Shortly after creating In Romaunce, I started to feel as though the blog would be more generative -- not to mention fun! -- if it had more voices than just my own, and so I asked my good friend Kristi Castleberry if she'd like to become a co-author. I am grateful beyond words that she said yes. I could not have asked for a more generous, insightful, hilarious, and kind co-conspirator. I have had such a fantastic time working with her in this space, and my writing (both here and elsewhere) is so much better because of her friendship and collegial spirit. Transitions like these always bring about some wistfulness, but I know that Kristi and I will be co-conspiring for years to come if not here, then elsewhere!
In the Middle was and is a very special source of inspiration for me, and so I am nothing short of thrilled and delighted to be joining forces with Jeffrey, Karl, Jonathan, and Mary Kate as Blogger #5. But before I officially hoist the sails and head over to ITM, I want to share with all of you some truly exciting news about In Romaunce: it's new blogger!
It is a complete delight to say that Kara McShane -- a dear friend and brilliant colleague -- will now be the co-blogger at In Romaunce. She does fascinating work with Middle English romance, travel writing, medievalism, and the digital humanities, and I cannot wait to see what she writes about here. Please join me in welcoming her!
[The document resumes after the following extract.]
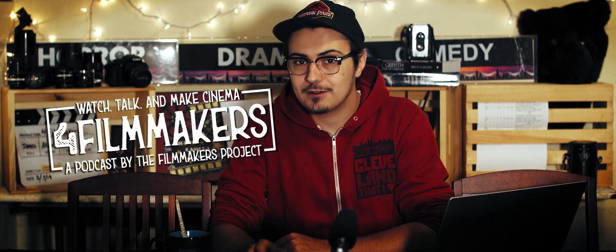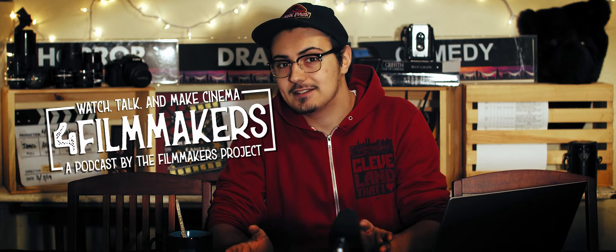Hey guys, James here. You're watching The Filmmakers Project, and as you can see I'm on a new set. This set is going to be used for our upcoming podcast, 'For Filmmakers' — that's the name of the podcast as well as its target audience. It'll be coming to this channel soon as well as several other platforms.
Kara L. McShane is Assistant Professor of English at Ursinus College, where she specializes in medieval literature and digital humanities. She received her Ph.D. from the University of Rochester in 2014. Her research interests include Middle English romance and dream vision, travel writing, cultural translation, and digital pedagogy; she is especially interested in the intersections between writing and the vernacular in medieval English culture.
Her work has appeared in the South Atlantic Review, The Once and Future Classroom, and Studies in Medievalism. She is presently at work on her first book, tentatively titled Exotic Documents and Vernacular Anxieties in Late Medieval England. In it, she examines instances of non-English writing across a range of Middle English narratives, arguing that these moments of writing create space for authors to express anxieties about writing as a means of memorialization and about the vernacular as a medium. The fascination with writing within Middle English literature, she argues, is central to understanding the relationship between language and national identity.
Kara’s interest in the development of English identity in the Middle Ages has led very naturally to an interest in medievalism, particularly how “the medieval” is deployed to address contemporary social and political issues. She is the general editor of Visualizing Chaucer, a Robbins Library Digital Project, and has contributed to The Camelot Project. She also serves as an assistant editor for medievally speaking, an open-access review journal supported by the International Society for the Study of Medievalism.
As “the medievalist” of her department, Kara teaches on all manner of medieval topics. Recent offerings have included courses on medieval & early modern travel writing, medieval women, and medieval romance. She also teaches a course called Structure of the English Language, which combines advanced grammar and history of English and is quite a lot of fun.
Kara shares her home and her fascination with all things medieval with her wife Karen, three chinchillas, and a grumpy but very handsome cat named Severus.